The Royal New Zealand Navy has brought together regional navies to promote safe coordination of shipping in the Pacific, Indian and South Atlantic Oceans.
The Pacific and Indian Oceans Shipping Working Group met at the Devonport Naval Base in Auckland last week and included representatives from 12 countries.
Royal New Zealand Navy Captain, Phil O'Connell, told Radio Australia's Pacific Beat that while piracy is not a factor in the Pacific like it is in the Indian Ocean, navies must work together to ensure trade routes stay safe.
"Our interest at the end of the day is unimpeded maritime trade in the best interest of our economies in our own member states," Mr O'Connell said.
"Our immediate neighbours around don't have the resources that we [New Zealand and Australia] do to maintain the sea lines of communication.
"The economic wellbeing of our Pacific island neighbours is also of importance to us."

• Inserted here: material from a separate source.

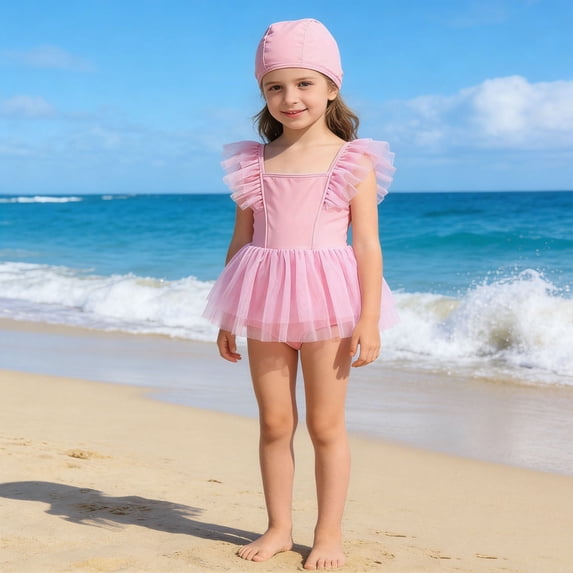 Kids One Piece Swimsuit for Girls with Mesh Skirt Quick Dry Beach Summer Swimwear Kids Girls Bathing Suits Size 3-4 Years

Mr O'Connell said although piracy has been around for a long time in the Indian Ocean, the threat of piracy or sea robbery in the Pacific is "relatively benign".
"These things could always happen, but at this point in time its highly unlikely that its going to happen tomorrow."
Singapore has also made efforts toward negating threats to shipping, with the establishment in 2009 of the Information Fusion Centre.
Both Australia and New Zealand provide a naval liaison officer to the Centre, who work together to share information about potential threats to shipping.
Mr O'Connell said the navies of the Pacific all have the same objective.
"It's about working together collectively and developing a set of protocols and procedures that, should we need to use them, we can pull them out of the draw and turn them on," he said.